Heterogeneous Parallel Computing
Heterogeneous computing refers to systems that use more than one kind of processor or core. One common theme in the course will be to focus on a perfect union between the CPU and GPU. Not every task can be fully parallelized. Many tasks are well suited for sequential processing and others are better suited for parallel processing. Parallelism can be further broken down into data parallelism and task parallelism. The majority of our time will be focused on data parallelism, but it is important to keep in mind that not everything fits into this category. Over time, you will develop a sense for what fits this paradigm and what does not.

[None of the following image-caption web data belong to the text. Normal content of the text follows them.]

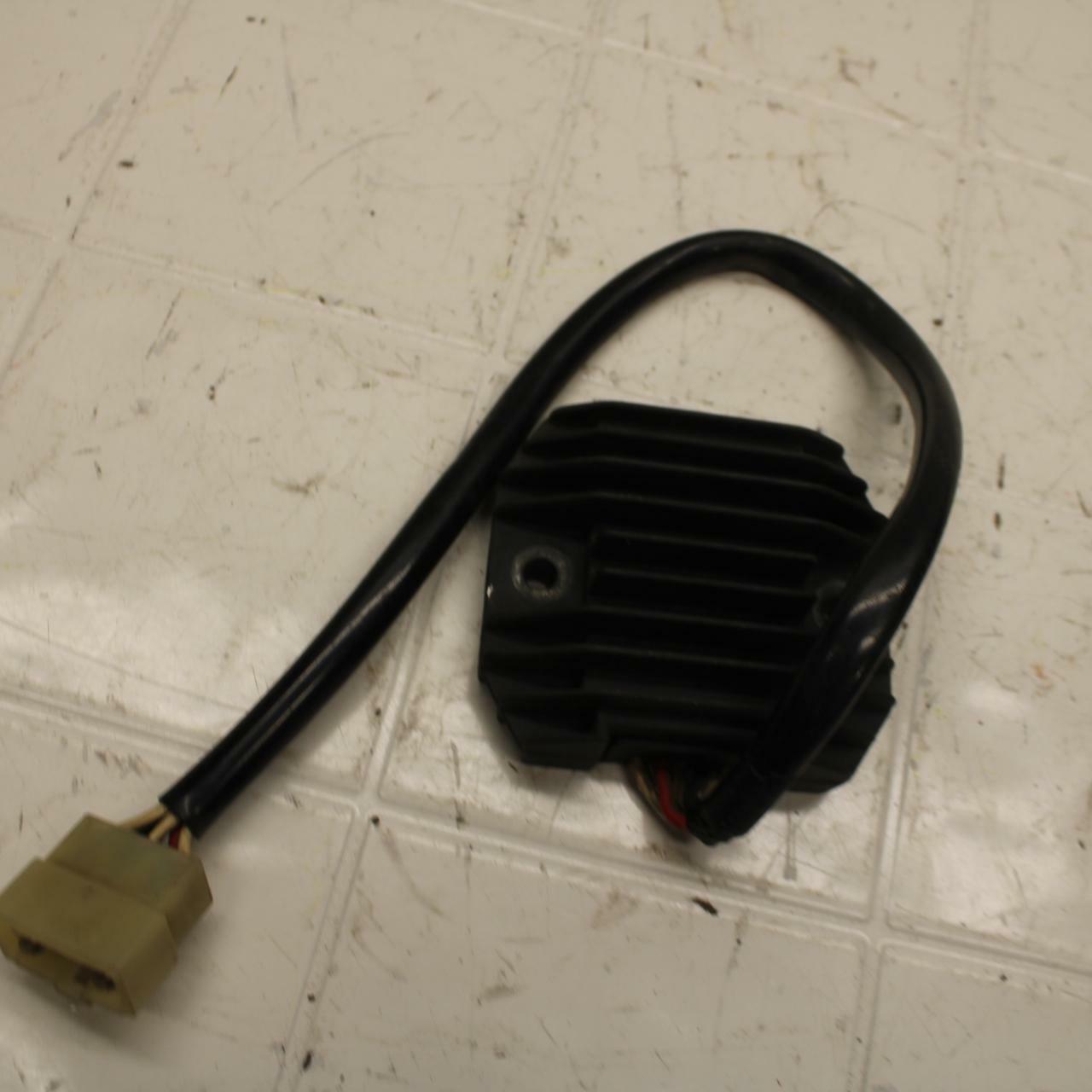 01-05 YAMAHA FZS1000 RECTIFIER VOLTAGE REGULATOR BB10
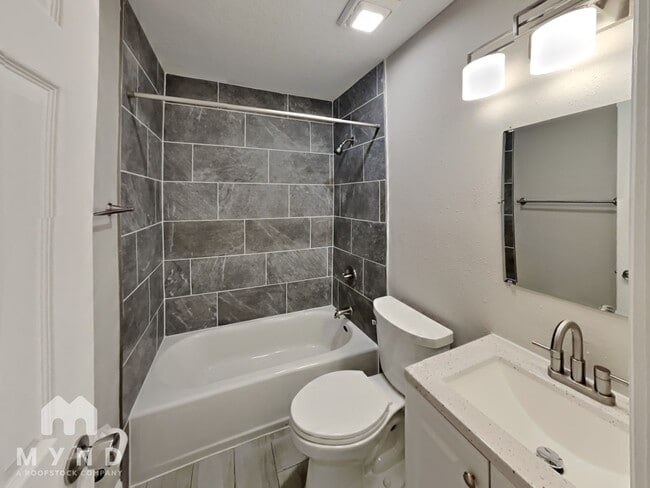 Building Photo - 1339 Primrose Ct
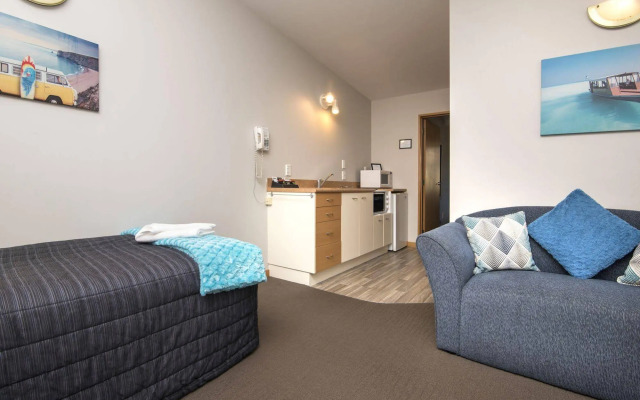 Bay Vista Waterfront Motel Picton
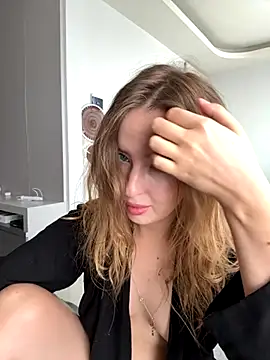 Snapshot of Nura_n_Sarah chatting on 2, 11, 2025 Nura n Sarah online show from 2, 11, 2025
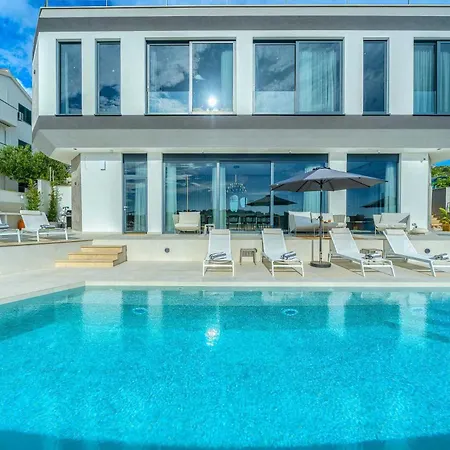 Villa Allina - Heated Pool, Rooftop Jacuzzi&sea Views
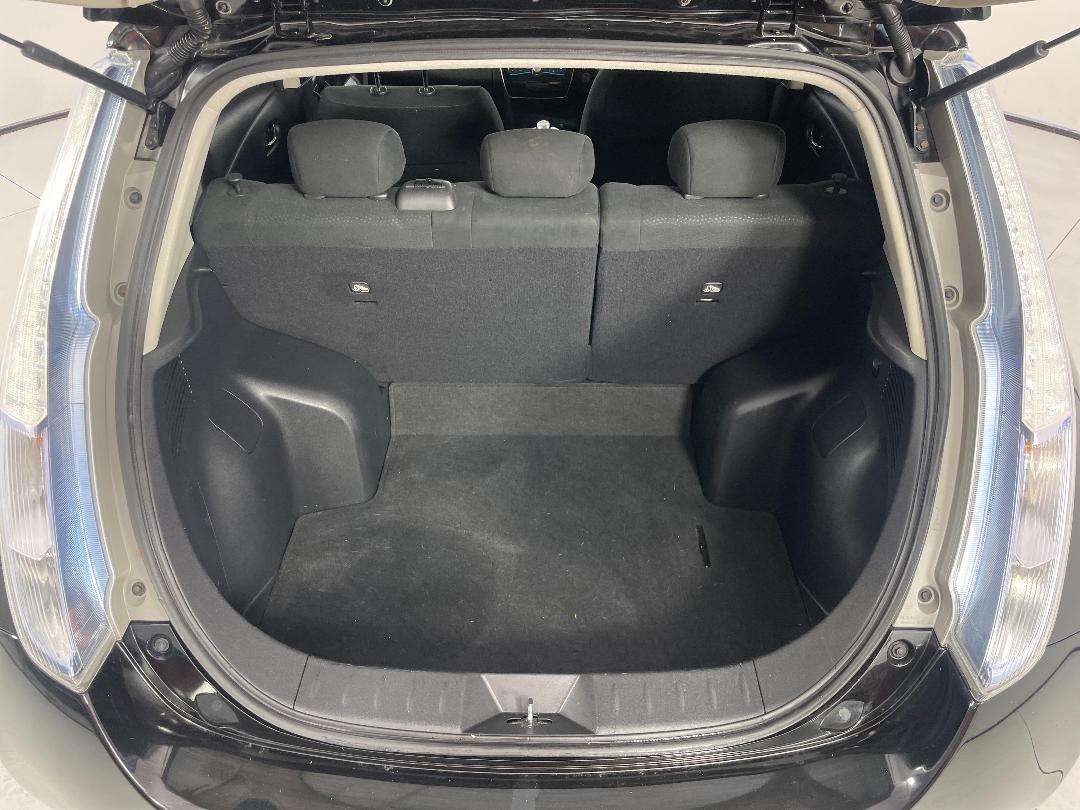 Photo '14' of Nissan Leaf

The idea of parallelism is certainly not new, but it has become ubiquitous in the computing space. Consider 30 years ago, when most consumer computers had a single core. The race between chip designers resulted in increasing single-core performance year after year in the form of increased clock speeds. This was a great way to increase performance, but it came at the cost of increased power consumption and heat. Scaling down transistors has also be a tried and true way of decreasing processor size and increasing performance. However, we are quickly reaching a physical limit on the size of a transistor.
The solution to these problems is the same solution seen in scaling up large systems: horizontal scaling. The intuition is straightforward: many things can do the work faster than a single thing. For large-scale systems, the answer is distributed systems in which no single unit needs to be overly powerful or complicated. For consumer processors, this comes in the form of additional cores on a chip.
In the context of CPUs, adding multiple cores means that we have a multi-core homogeneous system. These are general-purpose processors that can complete any computational task. The cores are identical and can be used interchangeably. The cores are also tightly coupled, meaning that they share memory and can communicate with each other. A similar statement can be made for GPUs. Let’s take a look at the differences between them.
Latency vs. Throughput
CPUs follow a latency-first design. The space on the chip itself is not fully dedicated to the processing units. Instead, space is reserved for things like cache, branch prediction, and other features that reduce latency. All computational tasks can be completed on a CPU, but the throughput may be lower than a GPU.
GPUs follow a throughput-first design. The space on the chip is dedicated to processing units such as ALUs. The cores themselves are not as sophisticated as those found on a CPU. Communication between cores takes more time and is more difficult, but having more of them means that the raw throughput of the chip is higher.
The development of GPUs was driven by the gaming industry, specifically with rendering, where many vertices and pixels need to be processed in parallel. As we explore GPU solutions to different problems, we will see that data delivery is a key bottleneck. There are techniques available to get around this, which we will need to study closely.
GPUs and Supercomputing
GPUs are featured in many of the top 500 supercomputers. This goes to show that they are a powerful and cost-efficient tool for solving problems. The table below shows the top 5 supercomputers as of November 2023. 4 of them utilize some form of GPU acceleration.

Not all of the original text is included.